Another aspect of the 2011-2015 deal that took some hard bargaining for pubcasters was getting agreement to limit royalty payments to pubradio music streams, according to NPR’s Riksen. SoundExchange sought to include sound-recording performances by news and information stations in the contract and in calculations of web listening. In the latest deal, “we are only paying for music webcasting, which we think is the right thing to do,” he said.
Crigler, who participated in early talks with SoundExchange, believes that pubcasters did “as well as we could have” negotiating the royalty pact. “It’s going to be a nuisance to do this reporting,” he says. Whether pubcasters like it or not, they appear to be headed toward census reporting, he believes.
“We recognize that it’s a challenge for a lot of stations to do this, but the fact of the matter is we’re trying to comply with statutory law and an act of Congress,” Luchsinger says. “Even the largest stations have people walking in the door with vinyl and tape recordings, and maybe playing stuff off an iPod.”
Giving listeners what they want
There is an upside for stations that collect this data, says WFMU’s Ken Freedman, even though he says he hates the limits that Washington’s regulatory regime has placed on webcasters.
“It’s a great thing for the recording labels and artists to get attribution in real time, so people can see what’s playing, when it’s playing,” Freedman says. “It’s just expected of digital music services.” WFMU, the freeform music station from Jersey City that is a webcasting pioneer, has been providing real-time playlist information to its web audiences for years off its homegrown database, so providing the data for the royalty agreement isn’t a hardship.
“Regardless of SoundExchange, it’s an excellent idea to keep track of what you’re playing anyhow,” Freedman says. “It’s what our listeners want to know about more than anything else.”
If pubradio stations hope to compete with commercial webcasting services such as Pandora and Last.fm, Freedman adds, “they have to do this—it’s just expected that you’re going to see what’s playing.”

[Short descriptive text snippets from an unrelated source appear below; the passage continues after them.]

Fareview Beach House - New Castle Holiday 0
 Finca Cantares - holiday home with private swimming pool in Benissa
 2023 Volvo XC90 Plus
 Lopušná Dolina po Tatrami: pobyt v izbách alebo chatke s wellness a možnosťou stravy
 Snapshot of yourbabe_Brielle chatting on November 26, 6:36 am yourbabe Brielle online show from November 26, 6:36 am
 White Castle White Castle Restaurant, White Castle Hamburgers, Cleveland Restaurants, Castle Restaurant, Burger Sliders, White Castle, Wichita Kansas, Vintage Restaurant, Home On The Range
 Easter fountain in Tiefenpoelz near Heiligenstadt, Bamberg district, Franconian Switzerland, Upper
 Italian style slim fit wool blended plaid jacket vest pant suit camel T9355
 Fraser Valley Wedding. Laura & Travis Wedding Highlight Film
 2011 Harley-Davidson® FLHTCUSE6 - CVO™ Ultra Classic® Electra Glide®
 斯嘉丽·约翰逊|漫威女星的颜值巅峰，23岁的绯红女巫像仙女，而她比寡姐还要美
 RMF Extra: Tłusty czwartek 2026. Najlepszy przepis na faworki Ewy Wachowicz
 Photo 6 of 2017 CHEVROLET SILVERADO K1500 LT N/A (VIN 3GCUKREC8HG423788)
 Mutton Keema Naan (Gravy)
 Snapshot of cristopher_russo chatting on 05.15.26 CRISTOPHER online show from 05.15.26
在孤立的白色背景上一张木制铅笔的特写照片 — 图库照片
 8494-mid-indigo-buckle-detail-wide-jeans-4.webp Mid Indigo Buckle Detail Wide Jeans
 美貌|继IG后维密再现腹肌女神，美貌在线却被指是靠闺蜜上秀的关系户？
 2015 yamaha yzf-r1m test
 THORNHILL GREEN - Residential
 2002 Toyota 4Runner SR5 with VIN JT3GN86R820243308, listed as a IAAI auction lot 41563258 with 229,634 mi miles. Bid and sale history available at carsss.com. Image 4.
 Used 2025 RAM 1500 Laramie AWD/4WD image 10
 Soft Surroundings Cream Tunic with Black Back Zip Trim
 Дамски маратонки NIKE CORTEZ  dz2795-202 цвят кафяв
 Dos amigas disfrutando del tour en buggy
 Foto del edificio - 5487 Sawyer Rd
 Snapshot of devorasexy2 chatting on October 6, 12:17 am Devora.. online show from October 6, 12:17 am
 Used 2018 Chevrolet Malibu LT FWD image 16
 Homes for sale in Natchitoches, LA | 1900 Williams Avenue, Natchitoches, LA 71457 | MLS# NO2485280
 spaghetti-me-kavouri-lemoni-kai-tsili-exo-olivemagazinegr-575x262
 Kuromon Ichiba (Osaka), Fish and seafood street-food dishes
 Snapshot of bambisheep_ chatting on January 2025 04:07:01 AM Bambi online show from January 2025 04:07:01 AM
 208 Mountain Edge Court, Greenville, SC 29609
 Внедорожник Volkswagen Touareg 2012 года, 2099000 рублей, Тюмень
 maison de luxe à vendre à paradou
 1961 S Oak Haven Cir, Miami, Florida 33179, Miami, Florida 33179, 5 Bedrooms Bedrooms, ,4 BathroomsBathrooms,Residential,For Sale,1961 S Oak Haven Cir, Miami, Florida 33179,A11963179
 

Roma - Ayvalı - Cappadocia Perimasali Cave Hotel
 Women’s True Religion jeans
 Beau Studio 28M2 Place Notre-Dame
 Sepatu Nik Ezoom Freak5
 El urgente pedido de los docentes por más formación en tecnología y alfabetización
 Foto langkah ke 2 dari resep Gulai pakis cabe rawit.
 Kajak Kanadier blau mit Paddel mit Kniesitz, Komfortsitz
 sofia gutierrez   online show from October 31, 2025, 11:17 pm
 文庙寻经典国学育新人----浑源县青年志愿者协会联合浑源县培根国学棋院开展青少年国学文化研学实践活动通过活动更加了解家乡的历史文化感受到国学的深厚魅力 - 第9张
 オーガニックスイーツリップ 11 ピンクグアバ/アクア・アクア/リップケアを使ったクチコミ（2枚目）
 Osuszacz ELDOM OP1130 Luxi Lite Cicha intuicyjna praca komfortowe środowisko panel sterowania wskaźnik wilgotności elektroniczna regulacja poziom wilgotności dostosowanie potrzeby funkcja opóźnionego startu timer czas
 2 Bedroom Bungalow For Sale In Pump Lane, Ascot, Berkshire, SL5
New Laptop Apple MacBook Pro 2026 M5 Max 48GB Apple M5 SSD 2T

As for the DMCA performance complement that so many broadcasters find objectionable, the only way around it is to negotiate a private deal with the artist or appropriate recording label, according to Huppe at SoundExchange.
Though many think of the rules as a way to prevent copying of sound files on the Internet, the biggest reason for the restrictions is to inhibit what Huppe calls “substitution”—another phenomenon that undercuts music sales. For example, a listener to a digital channel of Billy Joel recordings will have his or her music needs fulfilled by that service instead of buying CDs of Joel’s music.
“That’s why we have the performance complement—to jumble the music and mix up the artists,” Huppe says, so that radio web streams won’t become substitutes for the sales of CDs and digital music downloads. “It is more about the user experience, rather than preventing copying.”
Pubradio’s Deadhead listeners aren’t about to have their weekly user experience interrupted. David Gans, producer of the Grateful Dead Hour, worked out a webcast license with Rhino Records, which manages the Dead’s catalog, and Grateful Dead Productions. “They recognize that it’s in their interests to let this program, and all the other Grateful Dead programs of individual stations, continue,” Gans says.
Gans, a musician and programmer on KPFA in Berkeley, Calif., is incensed by the royalty pact. “The record companies are trying their best to destroy music programming on the radio,” he says. “The sooner the Recording Industry Association of America dies, the happier I will be.”
“As a working musician, it doesn’t serve my interests to have this chicken-shit legislation,” Gans adds. “Radio play is the only way to get people to come out to your shows.”